Saved entries:
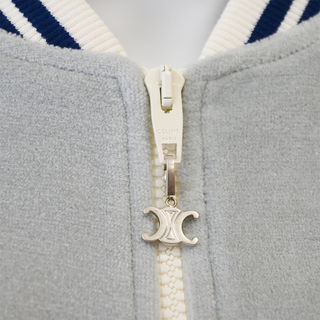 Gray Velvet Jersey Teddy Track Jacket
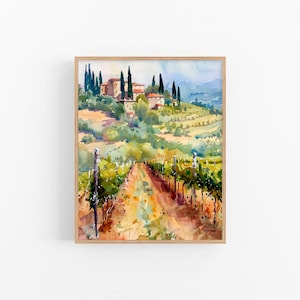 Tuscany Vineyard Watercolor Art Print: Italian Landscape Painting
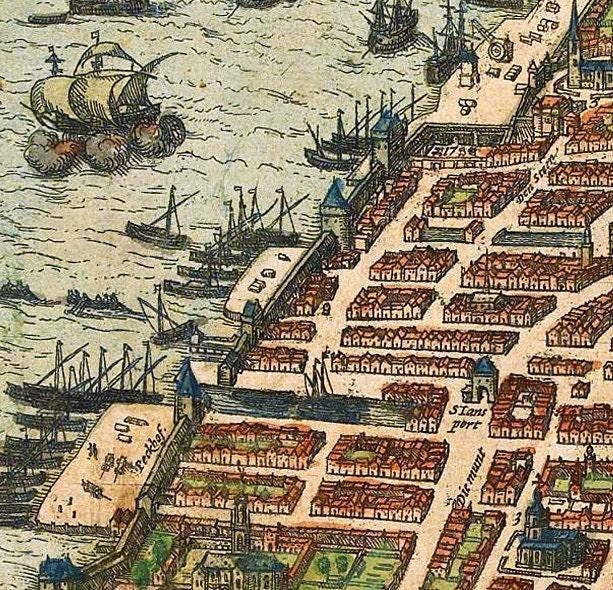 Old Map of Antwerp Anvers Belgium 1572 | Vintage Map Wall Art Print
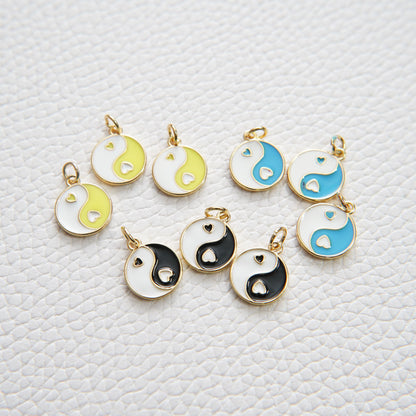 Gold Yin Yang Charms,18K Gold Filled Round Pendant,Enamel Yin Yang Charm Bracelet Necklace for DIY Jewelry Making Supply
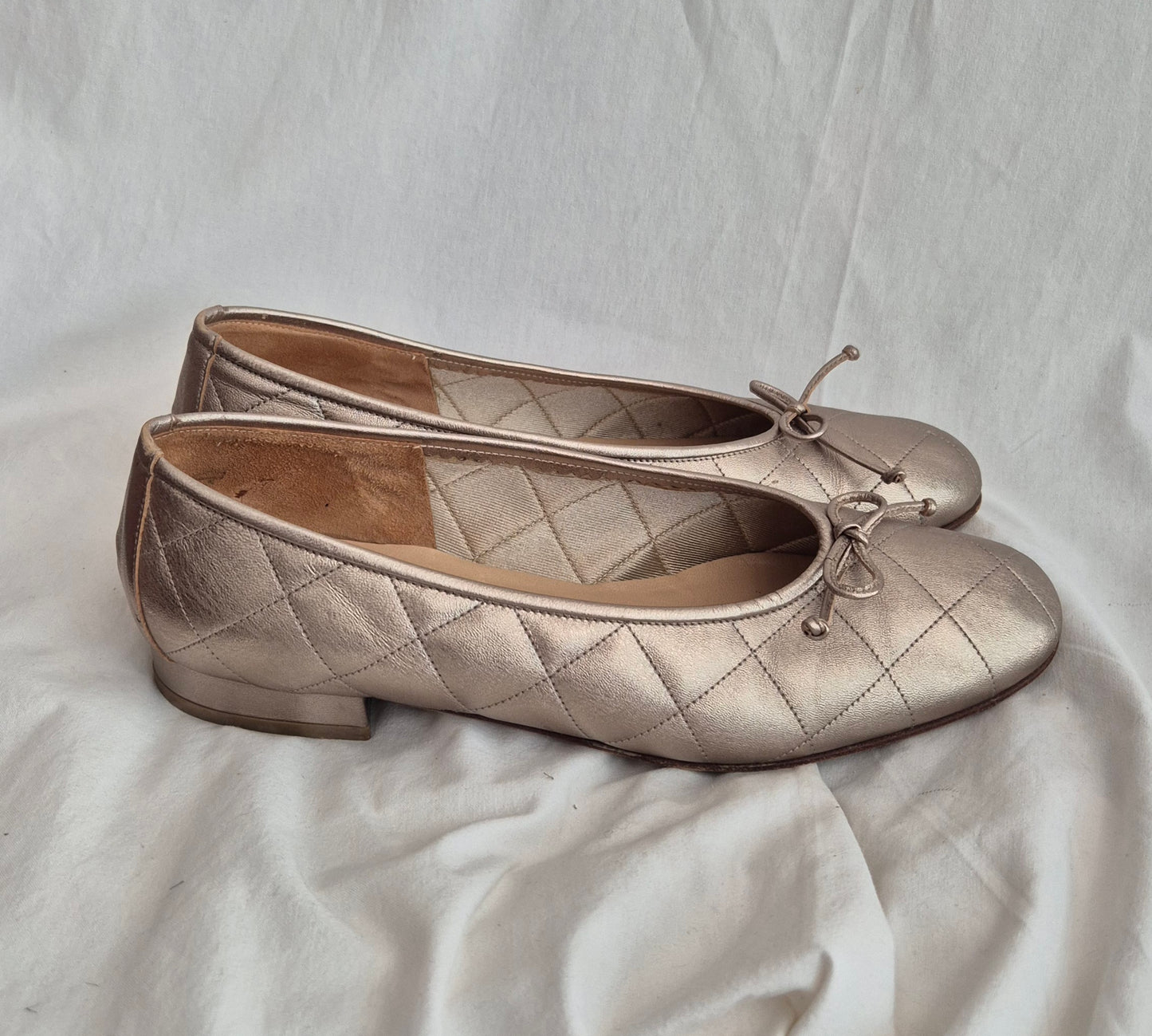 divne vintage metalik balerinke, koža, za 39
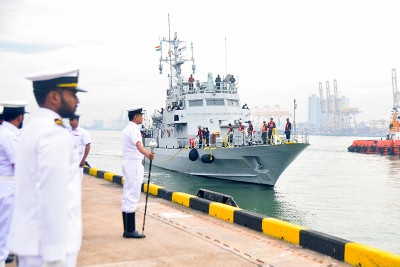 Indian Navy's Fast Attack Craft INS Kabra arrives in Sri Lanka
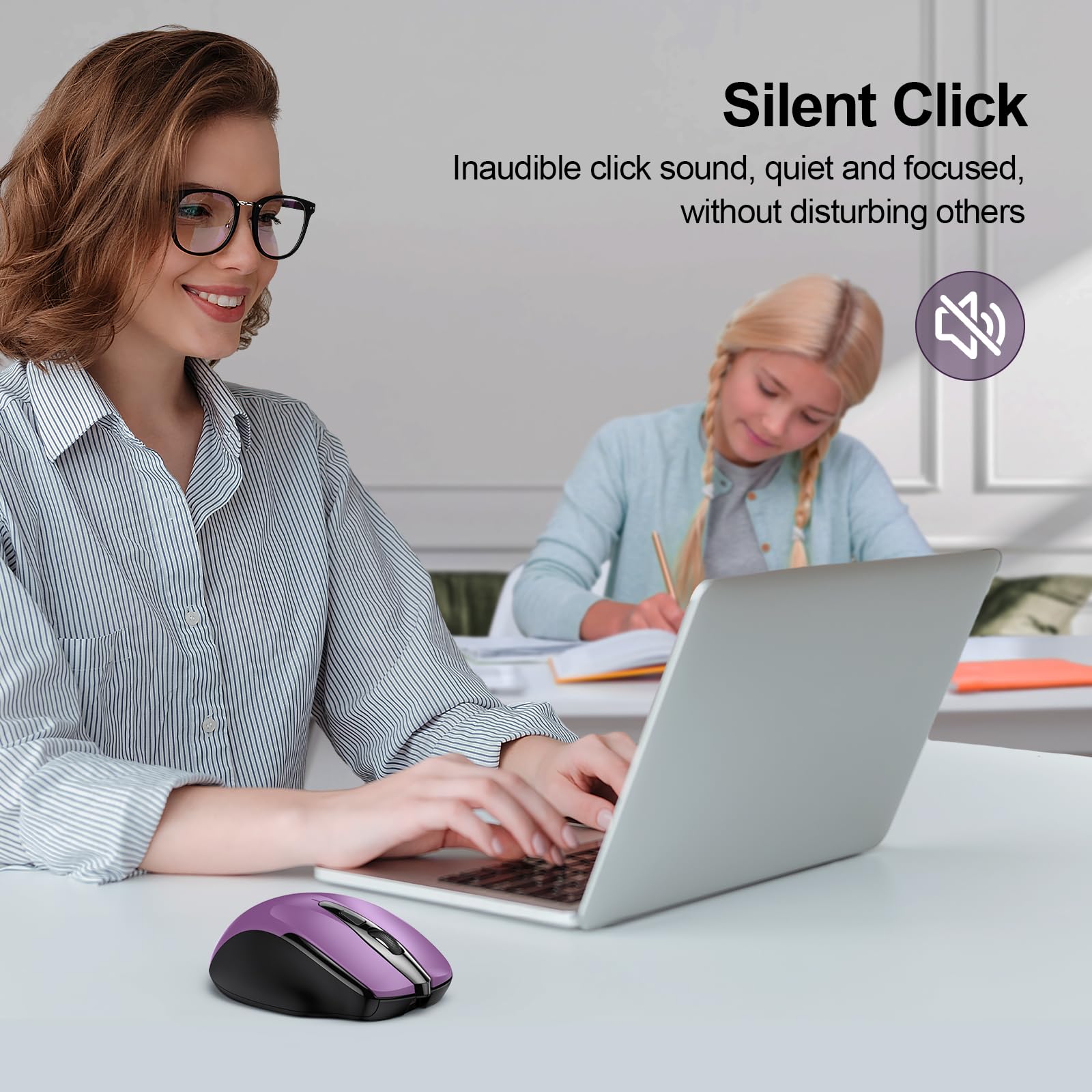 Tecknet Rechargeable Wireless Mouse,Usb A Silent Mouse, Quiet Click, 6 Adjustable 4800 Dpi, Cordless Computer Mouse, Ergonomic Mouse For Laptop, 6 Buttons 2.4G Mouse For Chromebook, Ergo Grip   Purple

→ **What is expected**: Where a picture appears, skip it and copy the rest of the data word for word.

→ **Solution for this task**:
 Gray Velvet Jersey Teddy Track Jacket
 Tuscany Vineyard Watercolor Art Print: Italian Landscape Painting
 Old Map of Antwerp Anvers Belgium 1572 | Vintage Map Wall Art Print
 Gold Yin Yang Charms,18K Gold Filled Round Pendant,Enamel Yin Yang Charm Bracelet Necklace for DIY Jewelry Making Supply
 divne vintage metalik balerinke, koža, za 39
 Indian Navy's Fast Attack Craft INS Kabra arrives in Sri Lanka
 Tecknet Rechargeable Wireless Mouse,Usb A Silent Mouse, Quiet Click, 6 Adjustable 4800 Dpi, Cordless Computer Mouse, Ergonomic Mouse For Laptop, 6 Buttons 2.4G Mouse For Chromebook, Ergo Grip   Purple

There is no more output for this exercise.